You either sit and stew about it, or you get on with your life. I chose the latter. All of this, the above story, helped make me who I am. I still smile alot, and laugh easily. I don't take much very seriously, except cruelity to animals and small children. I don't think life is a joke, but it's hard to tell some days. We are such insignificant specks of sand in God's eye, that I find it hard to get hung up in the "haves" and "have-nots".

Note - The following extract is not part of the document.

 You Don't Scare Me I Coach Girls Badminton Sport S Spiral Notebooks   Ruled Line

I'm not really very good at anything Ann, I can do quite alot of different things, some of them quite well. I can't sing worth a darn, I don't really care much for cooking, I have "authority" anxiety and try to everything as correctly as possible so I don't get into any trouble, I detest snakes but am ok with spiders and bats, I love stories and adore being read to, I like sunsets but am not enough of a morning person to have seen many sunrises, I try to keep promises and gradually am learning not to make quite as many as I used to...LOL. I'm having to learn that NO is a complete sentence. I'm honest, I play fair, I don't take more than my share, and almost EVERYONE can go first, ahead of me. I don't mind at all..*VBS*I'm pretty easy to get along with, I know I am kind and feel that I am a generous person. Giving is easier than receiving.
I'm a perimeter person and don't like being in the middle of anything, group, resturant, classroom, etc. I'm an observer rather than a participant in most things. I do talk alot....... who knew????.... I seem to have alot to say. Words are my friends. Viewing favorites have included Northern Exposure, all of Star Trek,TNG only, M.A.S.H., C.S.I.(the original),and more recently Desperate Housewives(???) and Grey's Anatomy.I like PBS. I prefer to be "taught" or shown something, rather than entertained. I'm not fond of "fluff", I need a storyline or moral, or a new view of the world.

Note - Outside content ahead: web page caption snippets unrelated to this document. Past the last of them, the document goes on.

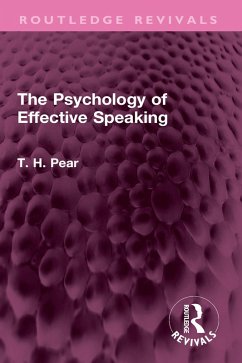 The Psychology of Effective Speaking (eBook, PDF) - Pear, T. H.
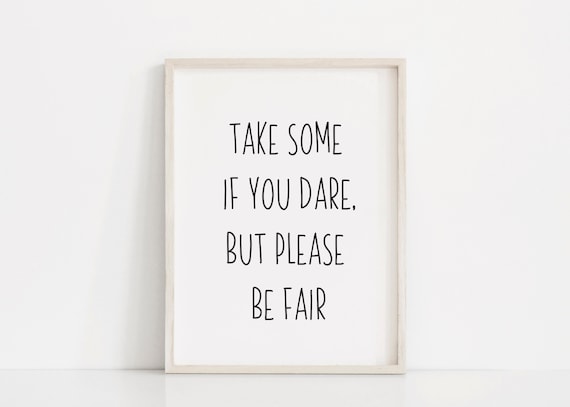 Take Some If You Dare Trick Or Treat Candy Please Be Fair Poster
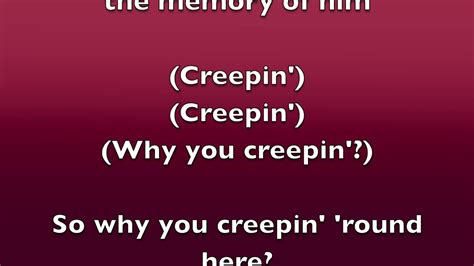Creepin' lyrics credits, cast, crew of song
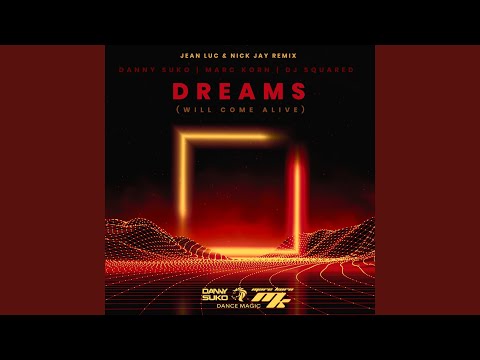 Dreams (Will Come Alive)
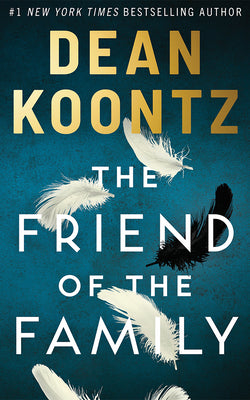 Cover Image for The Friend of the Family -- Dean Koontz, Paperback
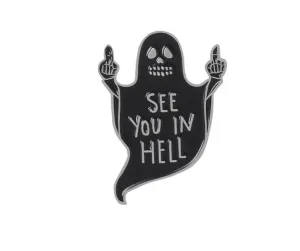 See You In Hell Pin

I've been a waitress, secretary, pie chef, surgial tech, sold Artex liquid paints, worked in a daycare, cleaned houses for money, been a receptionist, worked as a nurse's aide, and in Emergency room and O.B. I've been an election inspector, and a jill of almost all trades . Most of it before children. I never did finish college, but have about 3 or 3.5 yrs completed. Still in Fine Arts..*VBG*
I've sewed, self taught, since I was 16, making clothes for myself, my sisters and my mom. I've done everything from coats to pre-folded diapers. Quilting came into my life in the 1970's along with that 5th child. I like traditional patterns, and am a piecer rather than an appliquer. I began before rotary cutter, and leaned to hand quilt almost as soon as I learned to piece. I learned in a hoop, and mostly I still quilt in a hoop. I love green, but haven't made a green quilt. In my stash I probably have more green than any other color, but red and blue come in second and third. I'm not fond of pink, but I'm learning to like it.

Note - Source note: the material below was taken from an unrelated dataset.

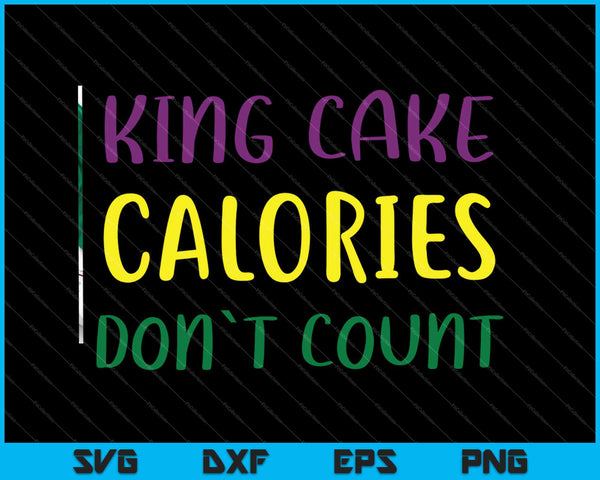 King Cake calorieën tellen niet mee SVG PNG snijden afdrukbare bestanden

I have no family in the area where I live, one sister in MN and one in AZ. My kids are mostly 1.5 to 4 hrs away. Luckily I have some very good girl friends here, who have helped me through the past 12+ years. That's how long I've been single again..*VBS* Almost all of them are quilters, two of them I helped get started. I no longer belong to any guilds or quilt groups.There are some with 20 to 40 milies of here, but for now I'm choosing not to join them.
I love blogging, and was thrilled last summer to follow Bonnie, into blogland. I was equally thrilled to be invited to join the Quilt Mavericks. I'm not always so sure I "fit"here, but I'm gonna keep taking Tonya's word for it.